Todos los agostos, de regreso a Málaga, tras mis indispensables vacaciones por tierras valencianas, suelo pasar unos días en casa de mi cuñada. Una mujer muy interesante adornada de numerosas virtudes. Pero de todas ellas la que más me atrae es su cualificada biblioteca. No muy numerosa, pero sí muy selecta. Y no sé porqué, cada año, cada vez que me acerco a ella, acabo en el mismo estante y echo mano del mismo libro. Una vez abierto, aunque leído y releído, nunca me resisto a leerlo de nuevo. Es como si el alma de Oscar Wilde, "desde las profundidades", me obligara a ello. De Profundis, para aquellos que imperdonablemente no lo hayan leído, es la carta que el genio le escribe a su amante, Lord Alfred Douglas, desde la prisión de Reading donde cumplía condena por el delito de sodomía.

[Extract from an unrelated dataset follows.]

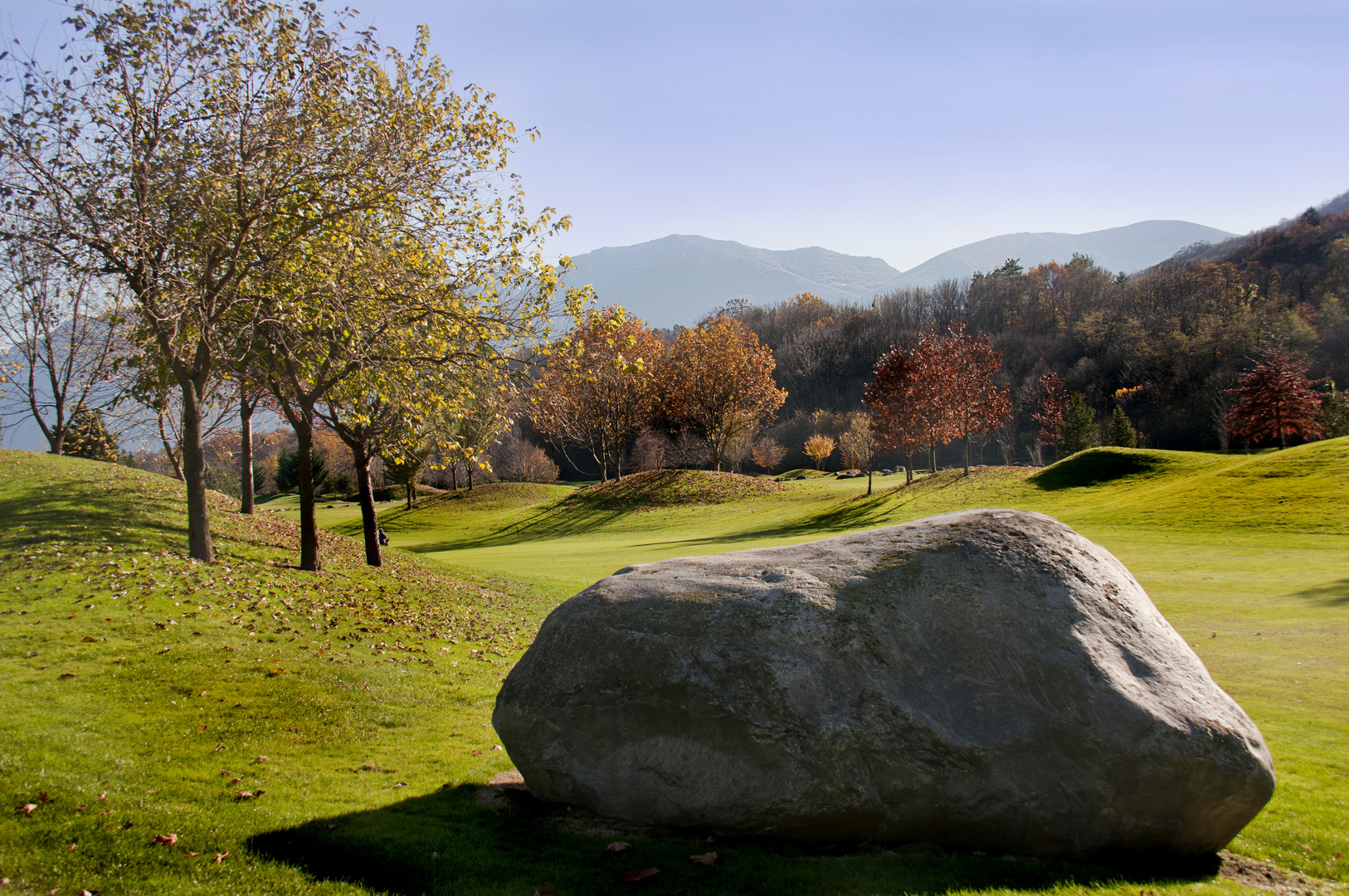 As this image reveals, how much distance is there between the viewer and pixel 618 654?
670 cm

Mil veces que se lea, mil veces que el lector percibe en ella un coctel de sentimientos, muchos de ellos contradictorios y turbadores, entre el reproche, la recriminación y el declarado amor que a pesar de todos los pesares, Oscar, le tuvo y le seguía teniendo a Bossie. La carta acaba con un grito desesperado de ayuda junto a la invitación a volver a verse. Oscar le perdona todas las desgracias que sufrió por su culpa. Su amor está por encima de todo.

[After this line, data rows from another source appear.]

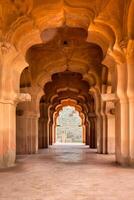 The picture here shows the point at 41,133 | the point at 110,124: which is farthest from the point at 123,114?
the point at 41,133

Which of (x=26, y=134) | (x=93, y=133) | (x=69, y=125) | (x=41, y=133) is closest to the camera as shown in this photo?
(x=26, y=134)

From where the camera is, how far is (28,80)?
54.5 feet

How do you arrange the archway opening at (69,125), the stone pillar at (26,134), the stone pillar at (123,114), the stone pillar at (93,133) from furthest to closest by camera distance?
the archway opening at (69,125) → the stone pillar at (93,133) → the stone pillar at (26,134) → the stone pillar at (123,114)

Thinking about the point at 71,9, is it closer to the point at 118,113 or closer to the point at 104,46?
the point at 104,46

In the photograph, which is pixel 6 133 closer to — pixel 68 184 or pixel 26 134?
pixel 68 184

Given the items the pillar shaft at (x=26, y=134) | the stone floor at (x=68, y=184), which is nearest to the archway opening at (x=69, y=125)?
the pillar shaft at (x=26, y=134)

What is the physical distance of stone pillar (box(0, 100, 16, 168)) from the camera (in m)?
10.9

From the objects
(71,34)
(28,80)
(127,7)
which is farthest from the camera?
(28,80)

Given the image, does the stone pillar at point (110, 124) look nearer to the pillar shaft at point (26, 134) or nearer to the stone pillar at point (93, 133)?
the pillar shaft at point (26, 134)

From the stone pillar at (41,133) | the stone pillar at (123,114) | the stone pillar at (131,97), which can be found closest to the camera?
the stone pillar at (131,97)

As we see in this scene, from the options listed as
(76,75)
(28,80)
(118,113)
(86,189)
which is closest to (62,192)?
(86,189)

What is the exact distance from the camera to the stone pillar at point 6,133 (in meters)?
10.9

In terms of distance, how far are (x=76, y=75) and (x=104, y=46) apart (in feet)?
32.9

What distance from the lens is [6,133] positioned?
11141 mm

En palabras de cualquier otro, De Profundis, no sería más que una vulgar carta de reproche de un enamorado a quién su amado le trató chulescamente y le llevó a la ruina. Pero con Wilde, el amor se hace literatura y la literatura alcanza el grado de sublime convirtiendo su desgarro y humillación en una de las más bellas obras de arte.

Deleitándome con ella, vuelvo la mirada a la triste y banal actualidad política del escenario mundial. El desgarrado grito de amor por nuestros semejantes, ya sean de España o tan lejanos como los de Afganistán, se convierte en una mera parodia donde las arias de los tenores huecos son cantadas en falsete, o en pancartas al viento como meros carteles publicitarios de las rebajas de agosto. Todo es falso. Al final, la tragedia de los afganos con la terrible amenaza de los talibanes, especialmente sobre las mujeres, y el fracaso de esa guerra de dos décadas con miles de muertos, entre ellos más de cien españoles, llenarán páginas de periódicos unos cuantos días finalizando como cualquier culebrón del verano. La guerra ha fracasado, hay que volver al diálogo, gritan algunos políticos desde su mullida tribuna de pésima oratoria. ¿Al diálogo con quién? Son la obcecación y el dogmatismo, ¡imbéciles!. ¿O es que no ven que los talibanes hablan poco, no dialogan nada, y aplican la fuerza por donde van?

En España, leo en éste mi periódico, que tenemos aún trescientos setenta y siete crímenes de ETA sin resolver. La mayoría de ellos de los años ochenta y han prescrito para la Justicia. Es curioso que tantos crímenes de hace menos de cuarenta años hayan prescrito y estén olvidados, mientras que estamos sacando a la luz y condenando a los que ocurrieron hace más de ochenta sin que nadie alce su voz por la paz y el amor de una puta vez. Pero es lo de siempre: la obcecación, el odio y el dogmatismo, ¡imbéciles!. Me quedo con De Profundis y Oscar Wilde, no hay comparación.